More than two years ago the Office has launched a campaign in Belarus aimed at reforming the existing forms of social support. The idea is to understand and analyze if people with disabilities are able to live independently in local communities and to find out what is needed for positive changes. Campaign’s initiators don’t claim to completely decline the existing experience but they say about important changes that should be done. For example, such innovative practices as assisted living and club house should be developed; it is also important to get rid of “common” guardianship in favour of individual assistance and of course not to forget about objectification of a person with disability understanding that he should take part in solving issues concerning his own life. Today the situation is different especially if we talk about people with some intellectual or psychic disabilities. Such people are found incapable and are placed to closed psychoneurological institutions.
Office for the rights of persons with disabilities and Lithuanian organization “Perspectives of psychic health” in the frames of the campaign have launched a joint project “Deinstitutionalization as a possibility to promote human rights of persons with intellectual and/or psychic disabilities in Belarus” which will be realized in the country till 2019.

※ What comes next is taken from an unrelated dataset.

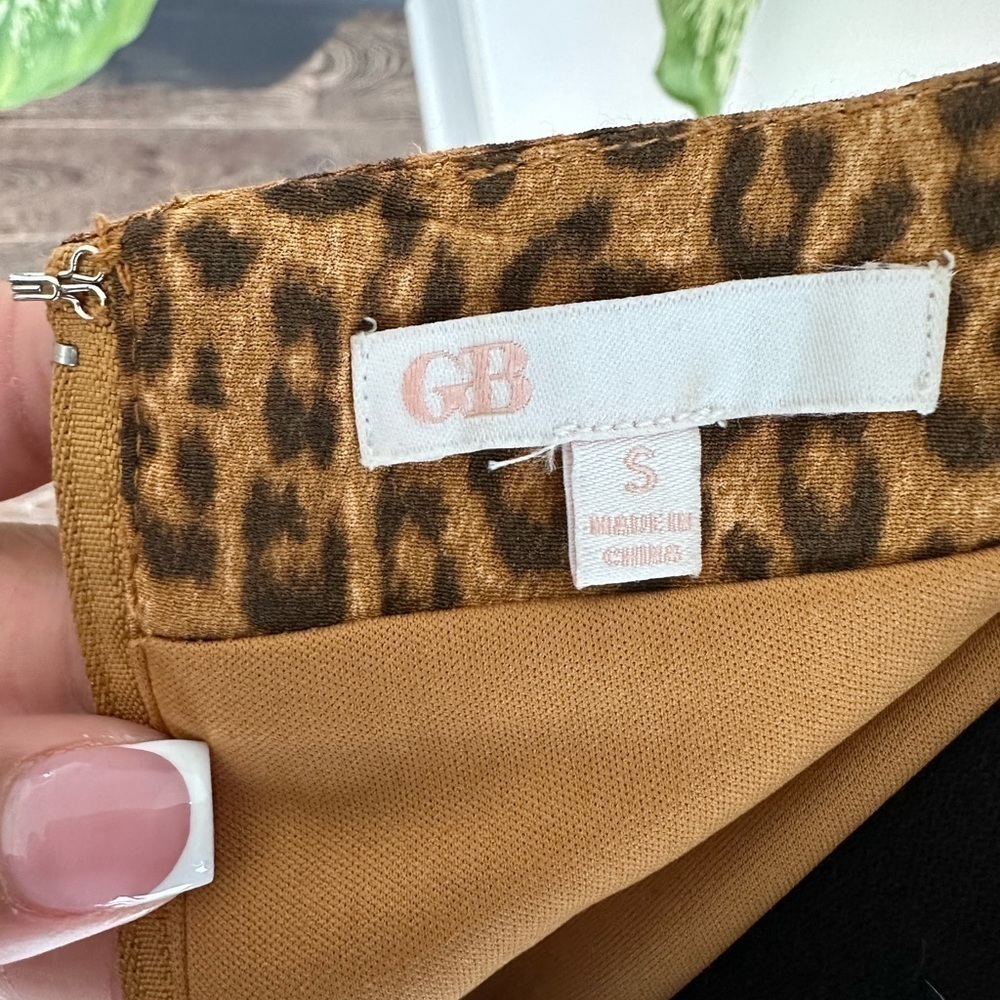 Gianni Bini GB Leopard Print Wrap Mjni Skirt - Picture 6 of 6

We are planning that the new project will be aimed at timely reaction to violations of human right of this vulnerable group, - comments the Office’s coordinator Sergey Drozdovsky. - On the whole, we will try to promote deinstitutionalization and to reform old practices in health care system and social support which were inherited after the fall of USSR. USSR’s practices as a rule lead to significant violations of rights and cruel treatment of representatives of vulnerable groups.

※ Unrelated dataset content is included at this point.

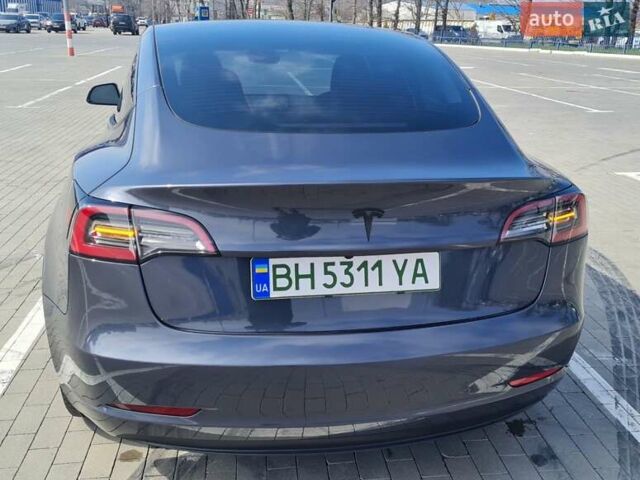 Серый Тесла Модель 3, объемом двигателя 0 л и пробегом 17 тыс. км за 23500 $, фото 1 на Automoto.ua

The problem will be solved with the help of the campaign’s events. Among them there are - growth of the potential of Belarusian NGOs working on deinstitutionalization and advocacy topics; realization in 6 regions of Belarus of pilot projects and their constant support and monitoring; creation and support of the Coalition for deinstitutionalization; technical and economical explanation of the development of community services in the frames of deinstitutionalization; holding opinion polls on deinstitutionalization; campaigns aimed at raising the awareness; holding meetings and seminars.
We hope that at the end of the campaign’s second stage in 2019 Belarusian NGOs will be able to mobilize for promotion and control of deinstitutionalization process and effective advocacy and that instruments of deinstitutionalization will be prepared. And on the whole, we hope that interested parties and the society will be more active in supporting the idea of deinstitutionalization in Belarus.